Opinión
Con el Rey contra el rey
Por Pablo Batalla
Periodista
-Actualizado a
La historia —decía Jacques Le Goff— no se puede cortar en rebanadas. El hombre no se acostó antiguo una noche y se levantó medieval a la mañana siguiente; ni pasó de un día a otro de medieval a moderno, o de moderno a contemporáneo. Hay a quien de la historia le interesan sobre todo las épocas de plenitud —o, por mejor decir, la plenitud de las épocas—; aquellas fases en las cuales las edades en las que artificialmente dividimos el pasado humano exhiben su personalidad de la manera más prístina. Pero los auténticos gourmets de la ciencia de Clío saben que lo verdaderamente interesante son las eras de transición: decenios de texturas sociales, culturales, políticas, equívocas, inestables, en que una institucionalidad centenaria decae y una nueva balbuce con energía sus primeros esbozos, pero carece aún de la fuerza necesaria para arrasar la anterior, que resiste con fiereza, y obliga a su sucesora a acordar componendas.
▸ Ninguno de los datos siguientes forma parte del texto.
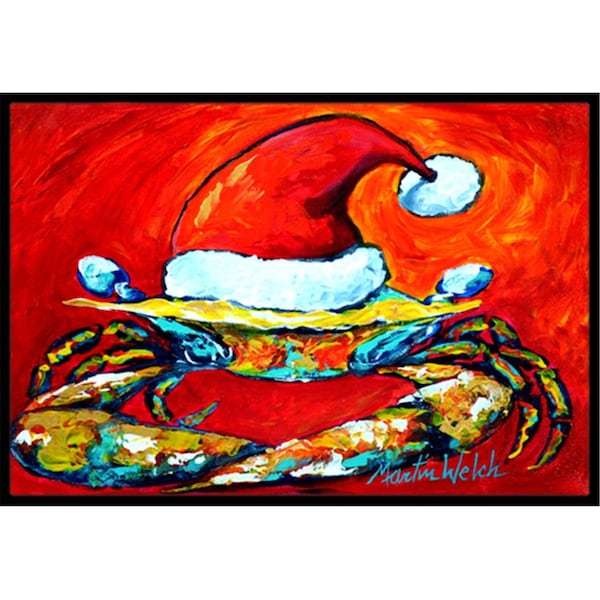 Micasa Crab In Santa Hat Santa Claws Indoor Or Outdoor Mat 24 x 36 In. MI759111 - main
En nada se aprecia esto de manera tan clara como en lo que podríamos llamar los significantes maestros de una era: aquellas grandes palabras que articulan el mundo como una clave de bóveda, fuentes últimas de toda legitimidad. Dios y Rey fueron, por excelencia, las del tiempo anterior al nuestro. Un tiempo durante el cual nunca dejó de haber —porque nunca deja de haberlos— conflictos políticos y religiosos terribles y fuerzas revolucionarias, anhelantes de una transformación radical de la sociedad; pero en el que, por ambiciosos que resultasen esos afanes rebeldes, todos los bandos en liza imaginaban un dios en el cielo y un monarca en la tierra, y el enfrentamiento se establecía en torno a qué rey o qué dios. Si el alzamiento era contra un rey, se proponía otro; si en contra de la Iglesia católica, se combatía por la construcción de una nueva. Y en realidad rara vez el alzamiento era contra un rey, o contra la Iglesia: antes bien, lo habitual era cuestionar, no al rey, sino a sus consejeros; no al Papa, sino al clero. Viva el rey, muera el mal gobierno: lo que se entendía que sucedía era que a la bondadosa cúspide del sistema taimados consejeros le ocultaban la realidad, sobre la cual era menester que el pueblo le advirtiera. Matar a Gríma Lengua de Serpiente a fin de que su verbo viperino dejara de enhechizar al, en el fondo, sabio y juicioso Théoden de Rohan.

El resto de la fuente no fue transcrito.